» WORK ITEM: Please restate, exactly as written, the lines running from the beginning of the material through the line that has "Pen set Harrods of London" in it.

» SOURCE RECORDS:
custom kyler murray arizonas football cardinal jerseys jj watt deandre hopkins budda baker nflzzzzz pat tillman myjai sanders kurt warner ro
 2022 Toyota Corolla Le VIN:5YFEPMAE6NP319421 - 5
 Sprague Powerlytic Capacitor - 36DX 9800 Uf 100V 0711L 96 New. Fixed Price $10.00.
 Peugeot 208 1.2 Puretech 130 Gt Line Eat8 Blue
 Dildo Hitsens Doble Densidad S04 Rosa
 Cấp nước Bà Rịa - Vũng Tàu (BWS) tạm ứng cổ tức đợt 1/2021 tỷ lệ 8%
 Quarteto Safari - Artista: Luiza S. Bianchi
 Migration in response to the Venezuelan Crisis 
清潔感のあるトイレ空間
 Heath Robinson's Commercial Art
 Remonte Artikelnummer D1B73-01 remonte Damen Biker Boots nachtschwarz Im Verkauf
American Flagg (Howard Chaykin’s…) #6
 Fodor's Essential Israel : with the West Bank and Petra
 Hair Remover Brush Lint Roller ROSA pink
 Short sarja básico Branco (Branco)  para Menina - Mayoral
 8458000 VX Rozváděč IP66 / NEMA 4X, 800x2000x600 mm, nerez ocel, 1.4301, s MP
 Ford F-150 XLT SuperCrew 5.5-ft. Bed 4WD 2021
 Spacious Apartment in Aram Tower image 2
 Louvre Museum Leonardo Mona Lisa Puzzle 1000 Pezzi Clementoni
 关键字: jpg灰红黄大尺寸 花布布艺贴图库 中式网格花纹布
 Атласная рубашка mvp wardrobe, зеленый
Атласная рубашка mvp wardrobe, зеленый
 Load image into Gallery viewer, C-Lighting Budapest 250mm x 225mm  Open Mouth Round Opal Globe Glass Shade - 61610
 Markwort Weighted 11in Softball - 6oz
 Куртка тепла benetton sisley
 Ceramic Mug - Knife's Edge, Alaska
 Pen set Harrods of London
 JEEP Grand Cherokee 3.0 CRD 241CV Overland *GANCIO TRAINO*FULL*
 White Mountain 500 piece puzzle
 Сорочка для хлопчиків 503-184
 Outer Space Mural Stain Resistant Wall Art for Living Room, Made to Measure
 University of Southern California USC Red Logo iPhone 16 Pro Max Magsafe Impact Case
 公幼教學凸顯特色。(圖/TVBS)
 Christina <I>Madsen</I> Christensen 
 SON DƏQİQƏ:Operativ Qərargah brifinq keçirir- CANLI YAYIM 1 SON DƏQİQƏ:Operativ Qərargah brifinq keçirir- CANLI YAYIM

» TASK OUTPUT:
custom kyler murray arizonas football cardinal jerseys jj watt deandre hopkins budda baker nflzzzzz pat tillman myjai sanders kurt warner ro
 2022 Toyota Corolla Le VIN:5YFEPMAE6NP319421 - 5
 Sprague Powerlytic Capacitor - 36DX 9800 Uf 100V 0711L 96 New. Fixed Price $10.00.
 Peugeot 208 1.2 Puretech 130 Gt Line Eat8 Blue
 Dildo Hitsens Doble Densidad S04 Rosa
 Cấp nước Bà Rịa - Vũng Tàu (BWS) tạm ứng cổ tức đợt 1/2021 tỷ lệ 8%
 Quarteto Safari - Artista: Luiza S. Bianchi
 Migration in response to the Venezuelan Crisis 
清潔感のあるトイレ空間
 Heath Robinson's Commercial Art
 Remonte Artikelnummer D1B73-01 remonte Damen Biker Boots nachtschwarz Im Verkauf
American Flagg (Howard Chaykin’s…) #6
 Fodor's Essential Israel : with the West Bank and Petra
 Hair Remover Brush Lint Roller ROSA pink
 Short sarja básico Branco (Branco)  para Menina - Mayoral
 8458000 VX Rozváděč IP66 / NEMA 4X, 800x2000x600 mm, nerez ocel, 1.4301, s MP
 Ford F-150 XLT SuperCrew 5.5-ft. Bed 4WD 2021
 Spacious Apartment in Aram Tower image 2
 Louvre Museum Leonardo Mona Lisa Puzzle 1000 Pezzi Clementoni
 关键字: jpg灰红黄大尺寸 花布布艺贴图库 中式网格花纹布
 Атласная рубашка mvp wardrobe, зеленый
Атласная рубашка mvp wardrobe, зеленый
 Load image into Gallery viewer, C-Lighting Budapest 250mm x 225mm  Open Mouth Round Opal Globe Glass Shade - 61610
 Markwort Weighted 11in Softball - 6oz
 Куртка тепла benetton sisley
 Ceramic Mug - Knife's Edge, Alaska
 Pen set Harrods of London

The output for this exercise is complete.